(What is required): The answer must reproduce every record exactly, with all pictures omitted.

(Data for processing):
::::::::::
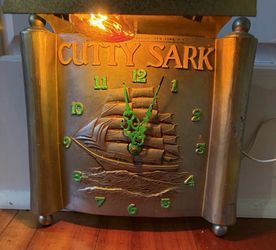 Vintage 1940's Cutty Sark Scotch Whisky Metal Advertising Gold Wall Clock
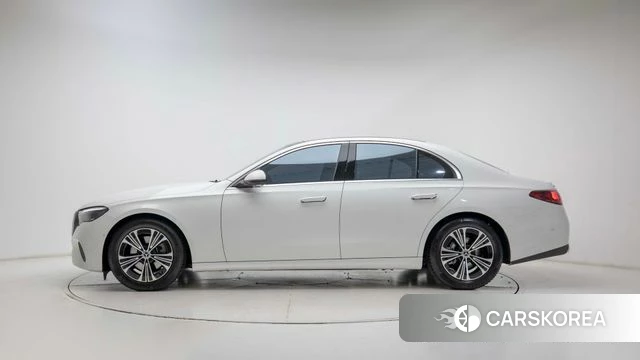 Mercedes-Benz E-Class W214 id 4710368 из Кореи 18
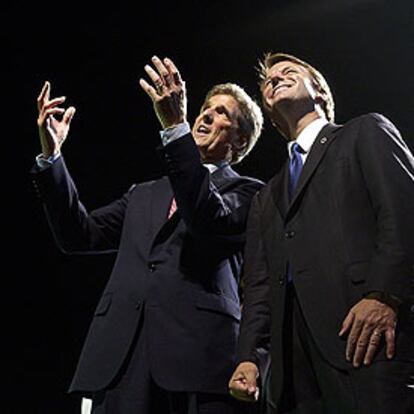 John Kerry (izquierda) y su <i>número dos,</i> John Edwards, en una fiesta tras la convención demócrata de Boston.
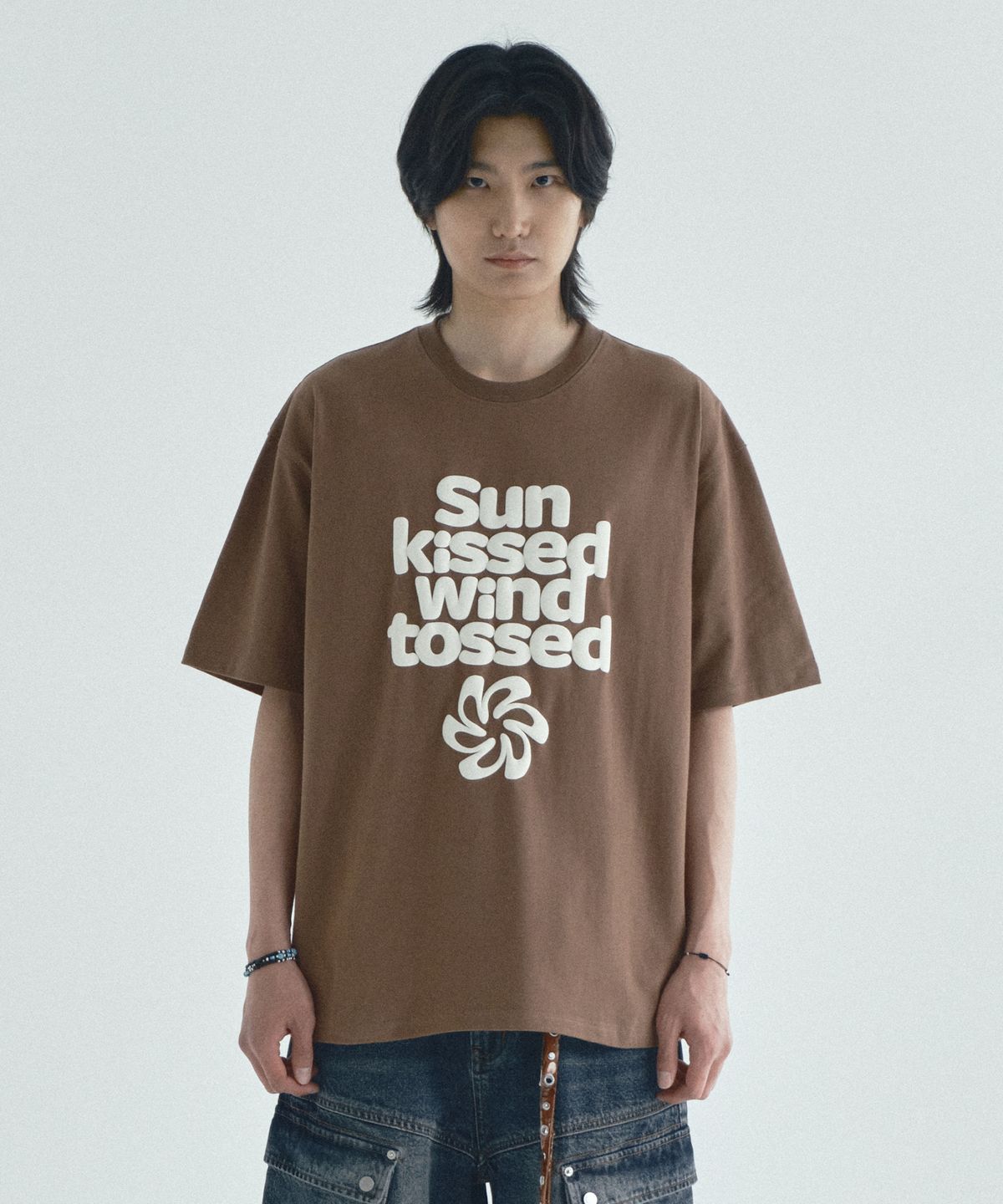 이코르(ECORR) SUNKISSED 볼륨 프린트 반팔 티셔츠_브라운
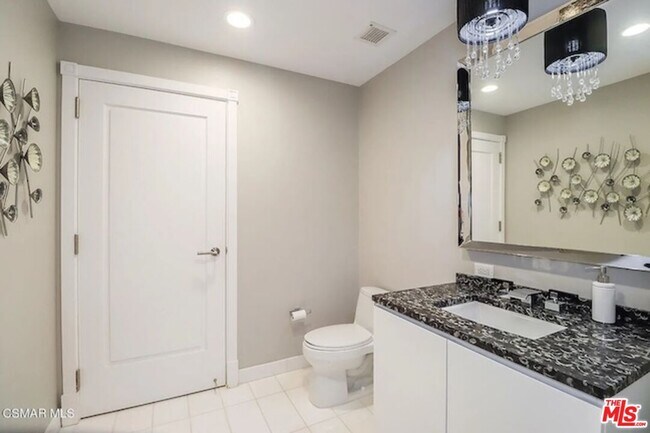 Building Photo - 900 W Olympic Blvd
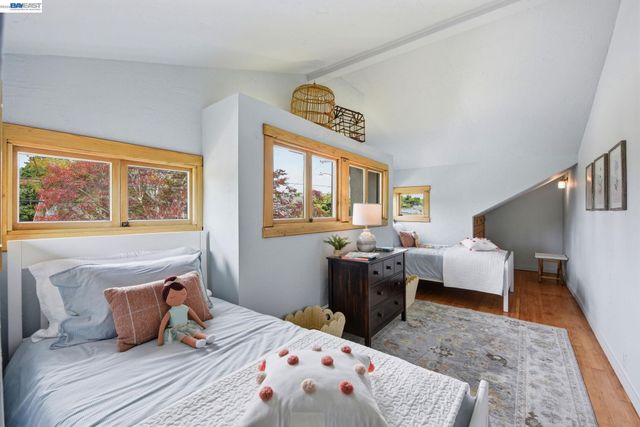 1420 Mound St, Alameda, CA 94501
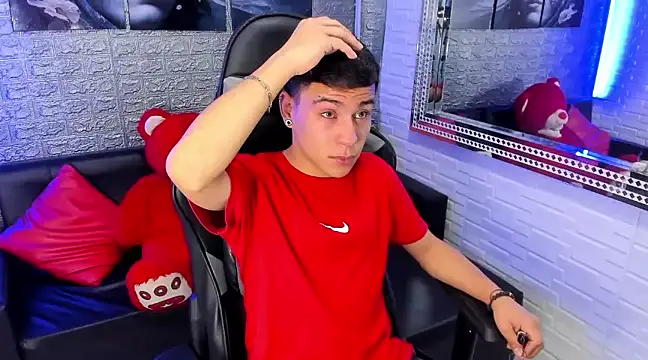 salvadorgomezx online show from January 2025 08:04:02 PM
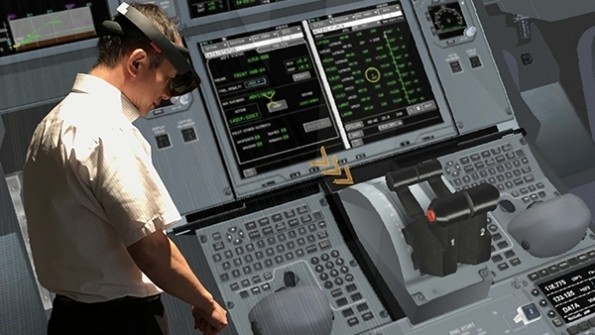飞机制造商Airbus利用HoloLens培训工程师和乘务员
::::::::::
(Task result):
 Vintage 1940's Cutty Sark Scotch Whisky Metal Advertising Gold Wall Clock
 Mercedes-Benz E-Class W214 id 4710368 из Кореи 18
 John Kerry (izquierda) y su <i>número dos,</i> John Edwards, en una fiesta tras la convención demócrata de Boston.
 이코르(ECORR) SUNKISSED 볼륨 프린트 반팔 티셔츠_브라운
 Building Photo - 900 W Olympic Blvd
 1420 Mound St, Alameda, CA 94501
 salvadorgomezx online show from January 2025 08:04:02 PM
飞机制造商Airbus利用HoloLens培训工程师和乘务员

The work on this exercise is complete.